The facility at Nyhamna (Source: Hydro)
Background for the audit
Section 13 of the Management Regulations relating to general requirements for analyses specifies that it must appear clearly which conditions, assumptions and limitations apply to each analysis carried out.
Furthermore, the section specifies that the analysis must be updated when changes in the conditions, assumptions and limitations, individually or in total, affect the result of the analyses, or when new knowledge exists which is of importance to the results of the analysis. The Section 13 requirements indicate that the person responsible must know, understand and properly follow up the assumptions and conditions used as a basis for the analyses made.
Professional competence and proper knowledge of systems and equipment, as well as relevant assumptions and limitations in the given design solution, are prerequisites for being able to manage and carry out operation and maintenance activities in a prudent manner.

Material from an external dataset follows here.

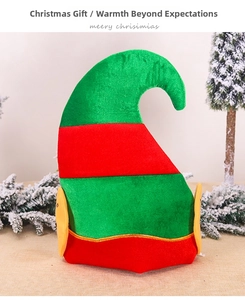 Detailed view of red and green striped plush elf hat with cute yellow ears and bell trim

It is also important to understand the risk inherent in carrying out the activities, including potential consequences of deficient planning and/or incorrect implementation, in order to handle irregular and undesirable situations in the best possible manner.
Purpose of the audit
The main purpose of the audit was to assess how the requirements in Section 13 of the Management Regulations have been handled, and what plans have been made to handle/follow-up these requirements during the operating phase at the facility at Nyhamna.
Other purposes of the audit included assessment of the competence and competence requirements in the operations organisation at Nyhamna, as well as establishing an understanding of who carries out full-scale testing of safety-critical systems at the facility and how this is (planned) carried out.
Result of the audit
The verification was carried out as planned, with conversations and verifications at the facility.
In our view, much good work has been done in the project to establish systems and tools to follow up important analyses (and their presumptions and assumptions) in the operation of the facility. The main challenge is to ensure sufficient training, knowledge and ownership of the various systems to ensure that they are used in a good and intended manner when the facility commences operation.
We identified one non-conformity related to the highlighting, dissemination and follow-up of the risk and emergency preparedness analysis (SEPA). Some areas of improvement were also identified in relation to completion and highlighting of systems and tools contributing to and/or forming the basis for safe operation of the facility, and to the safeguarding of the competence and risk understanding of the personnel prior to start-up of the facility.
We noted that a lot of work remains to be done in areas such as: Training in connection with the facility's barriers, training in administrative systems, taking over packages/systems from commissioning, etc. We see that many systems are now about to be put to use (e.g.: AT, SJA, FSR, Omnisafe, PIMS, HSE-case), and that training is needed and roles must be clarified.
In our view, there will be challenges re lated to ensuring that sufficient time is set aside for these and other tasks related to the take-over and preparation for start-up of the facility. We assume that Hydro's terms for safe start-up of the facility include assessments related to the status of the issues mentioned above.